Non-local models and length scale effects on metal forming processes

The classical theories of plasticity or continuum damage mechanics do not include scale effects associated to a characteristic length of the material, which is often present in deformation processes, and which results in a limitation of the localization of the plastic deformation or damage in narrow bands. The numerical models based in these theories suffer from size and orientation pathological dependence of the geometrical discretization and are unable to accommodate that limitation of the localization. This is true for both the classical finite element method as well as the novel meshless methods, for example. In fact the homogenization hypotheses usually admitted for the continuum and that are the basis of those numerical methods do not accommodate large gradients of the internal variables like the plastic deformation or damage in the localization zones and therefore second order constitutive laws are needed.

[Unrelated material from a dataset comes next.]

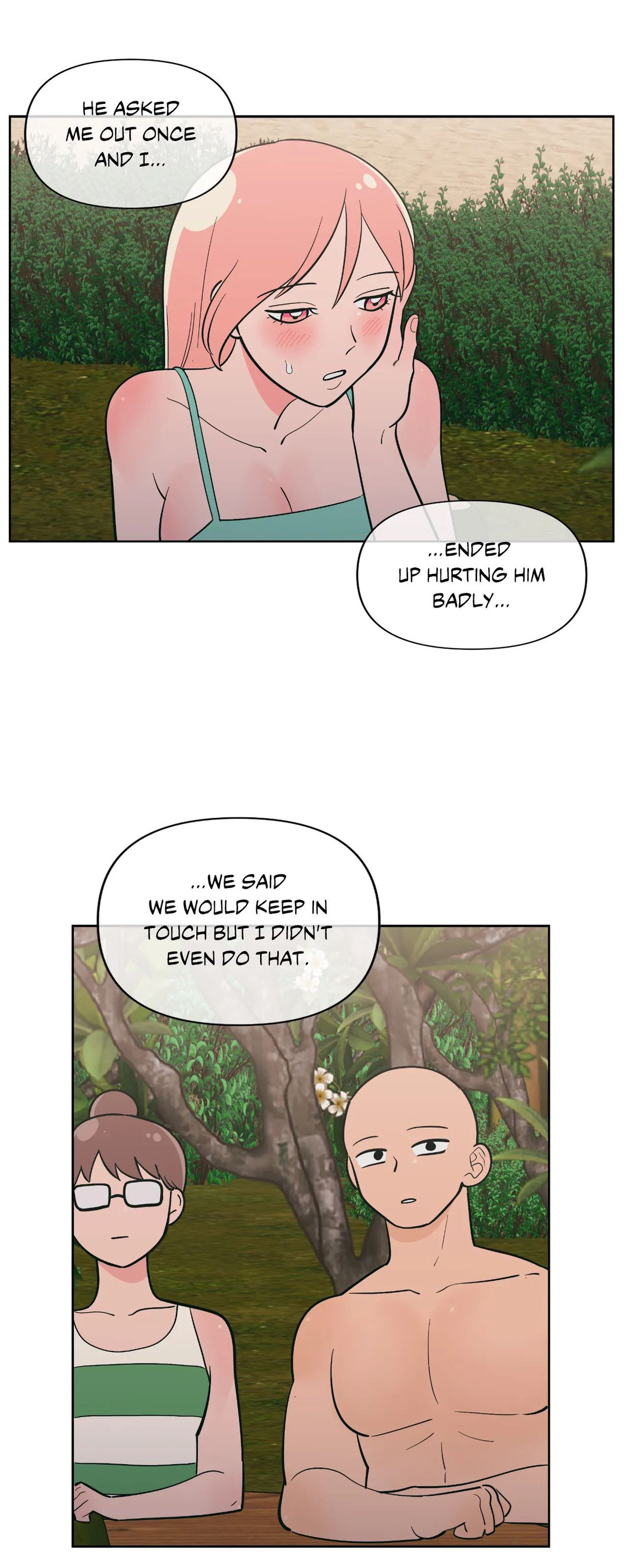 Peach Sorbet chapter 76 page 9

Length scale effects can be explained by micro mechanics theories but their numerical implementation is still computational very expensive. One way of bridging the gap between the classical continuum s and micro mechanics theories is the recourse to non-local theories. In the nonlocal approaches the history of the internal variables at a material point is influenced by the surrounding material points. Non-local counterparts of those variables are then defined by integral averaging techniques or by including gradients of the internal variables in the formulation. These nonlocal formulations can also be generalised to deal, for example, with micro forming processes where geometric and microstructure size effects are present.

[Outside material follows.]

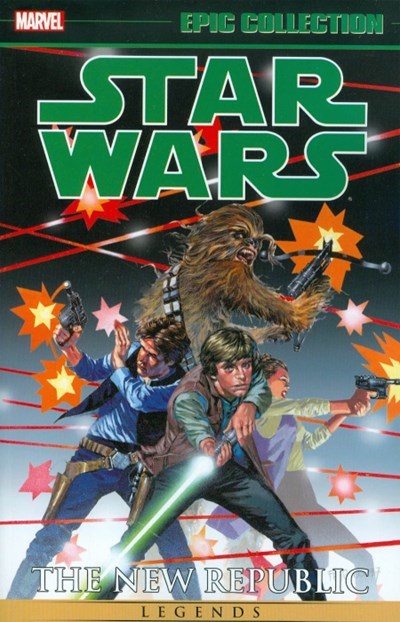 STAR WARS LEGENDS: EPIC COLLECTION - THE NEW REPUBLIC #1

The softening induced by the standard implementation of damage models in finite element solutions leads to mesh and orientation dependence, as the localization effects are not correctly dealt with by mesh refinement. Non-local models are a solution to solve this pathological behaviour. They include some length scale information, related with localization effects due to microstructure heterogeneity, to average an internal variable associated with dissipative process. Two types of models are usually adopted for this purpose: integral and gradient models. In this work, non-local damage models, in which the internal dissipative non-local variable adopted is the damage, are implemented. Damage definition is based on the Lemaitre’s work, which is enhanced by the introduction of a crack closure scalar parameter, allowing to treat differently the damage evolution in either traction or compression stress states. The idea is to compare the performance of some of those models and to assess the performance of some novel methods, particularly meshless methods, that some claim that may solve the numerical pathologies referred above. Comparisons are performed with non-local integral, implicit and explicit gradient methods implemented in two different frameworks, namely the Finite Element Method and the Reproducing Kernel Particle Method.